Exact wording is needed for every line from the one holding "1560 Homewood Road" to the end of the records below; write those lines out and omit the pictures.

╭──

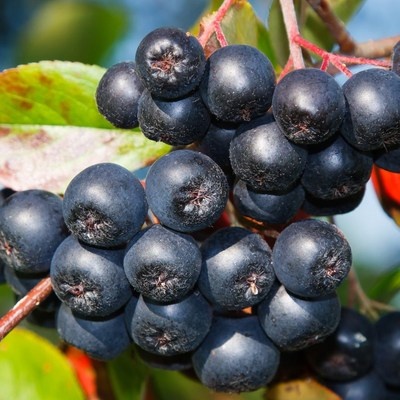 경제적인 아로니아블랙스타 최저가 상품 탑 7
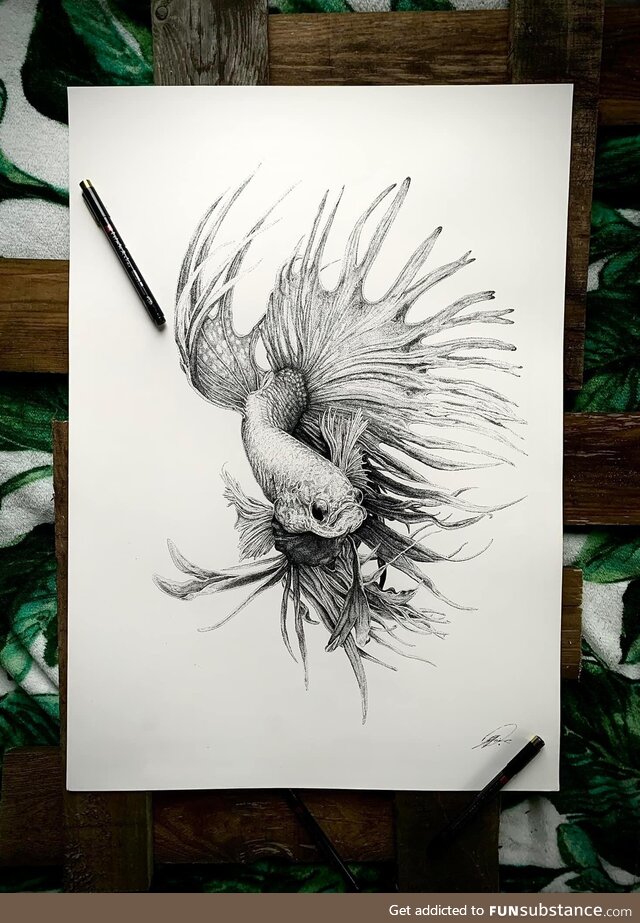 Fighter fish stippling art, zoom in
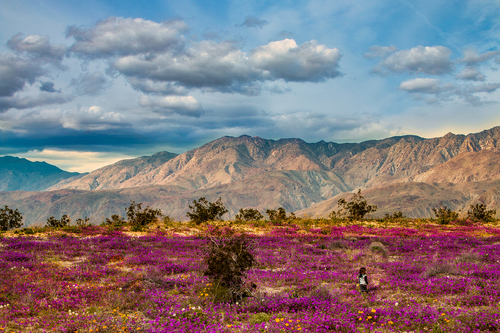 Little Wanderer in a Desert Super Bloom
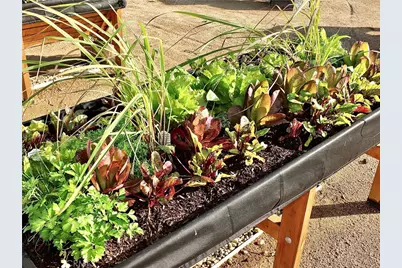 1560 Homewood Road #114-L, Seal Beach, CA 90740 - Photo 51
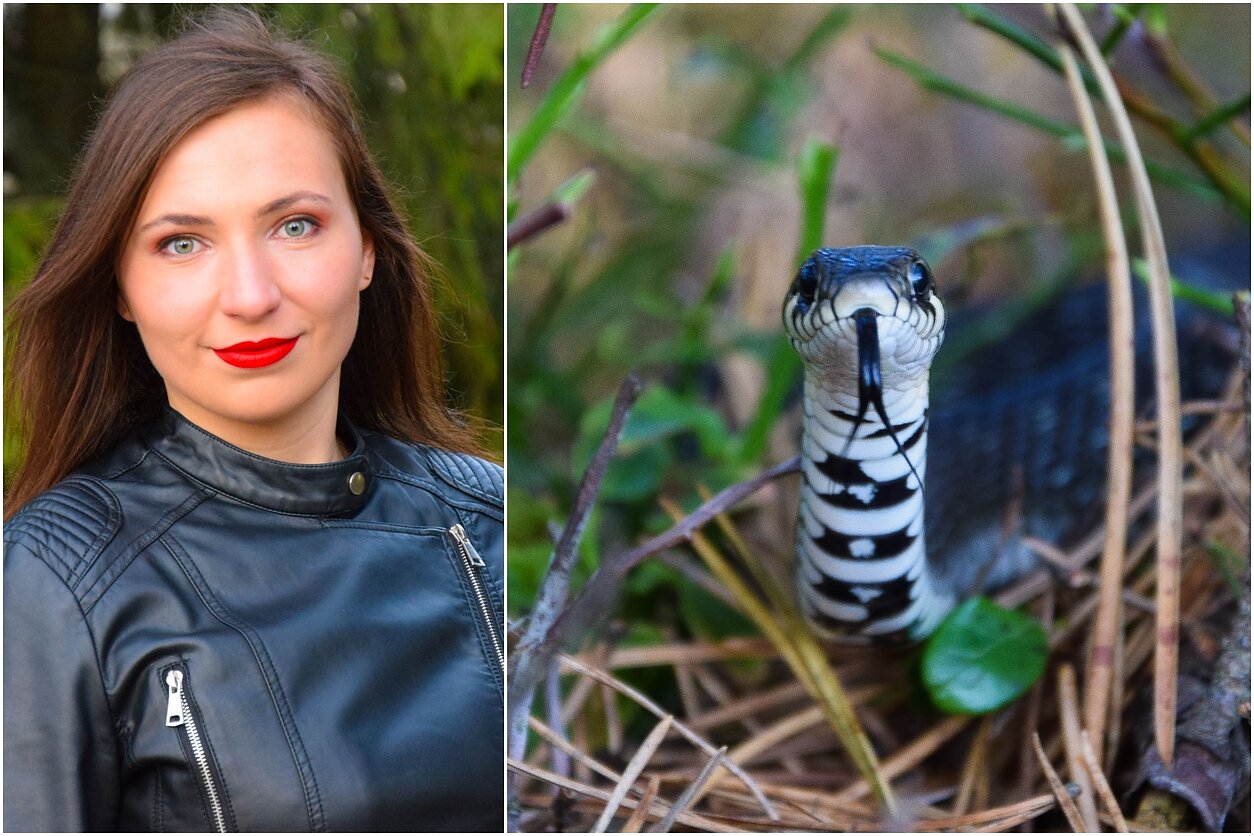 Jolita Pretkutė, gyvatė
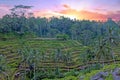 Rice fields in Bali Indonesia Royalty Free Stock Photo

╰──

*ANSWER TO THE EXERCISE*
 1560 Homewood Road #114-L, Seal Beach, CA 90740 - Photo 51
 Jolita Pretkutė, gyvatė
 Rice fields in Bali Indonesia Royalty Free Stock Photo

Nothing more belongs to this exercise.